- [Material provided]:
------------------------------------
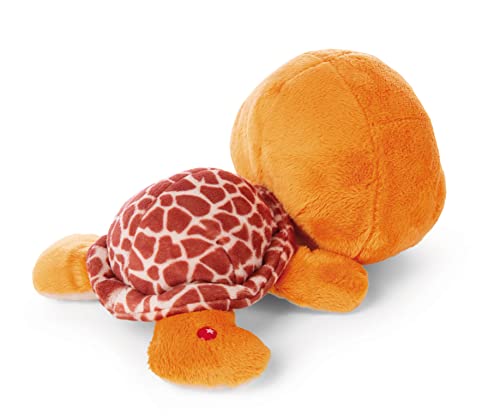 NICI GLUBSCHIS Schildkröte Hubbli 15 cm – Kuscheltier aus weichem Plüsch, niedliches Plüschtier zum Kuscheln und Spielen, für Kinder & Erwachsene, 48765, tolle Geschenkidee, grün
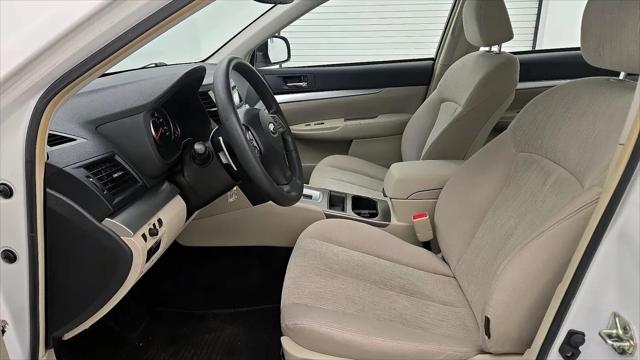2014 Subaru Legacy 2.5i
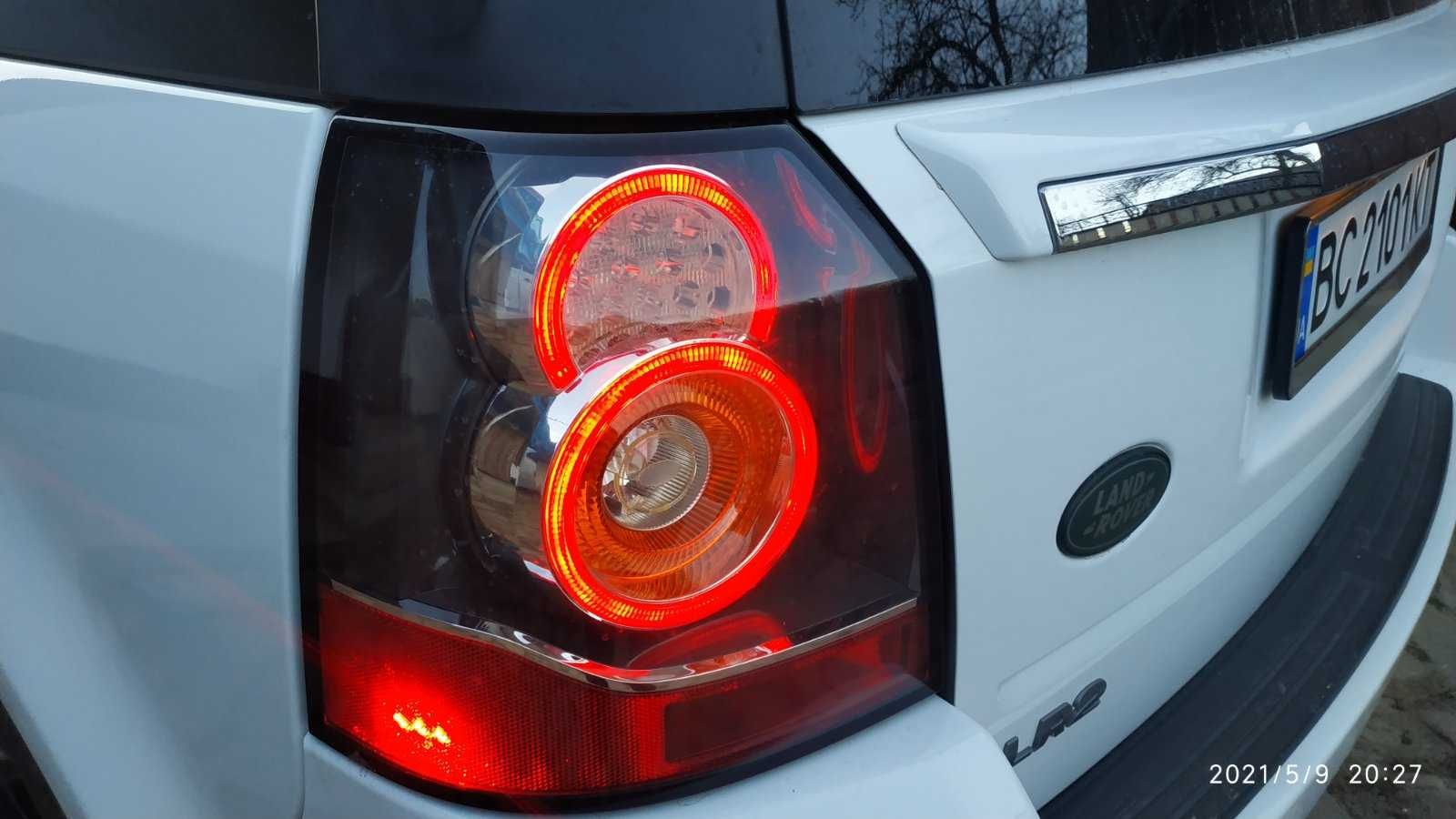 Land Rover Frilander 2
------------------------------------
- [Directions for this task]:
Return the listing unchanged except for the pictures, which should be dropped.

- [Problem solution]:
 NICI GLUBSCHIS Schildkröte Hubbli 15 cm – Kuscheltier aus weichem Plüsch, niedliches Plüschtier zum Kuscheln und Spielen, für Kinder & Erwachsene, 48765, tolle Geschenkidee, grün
2014 Subaru Legacy 2.5i
 Land Rover Frilander 2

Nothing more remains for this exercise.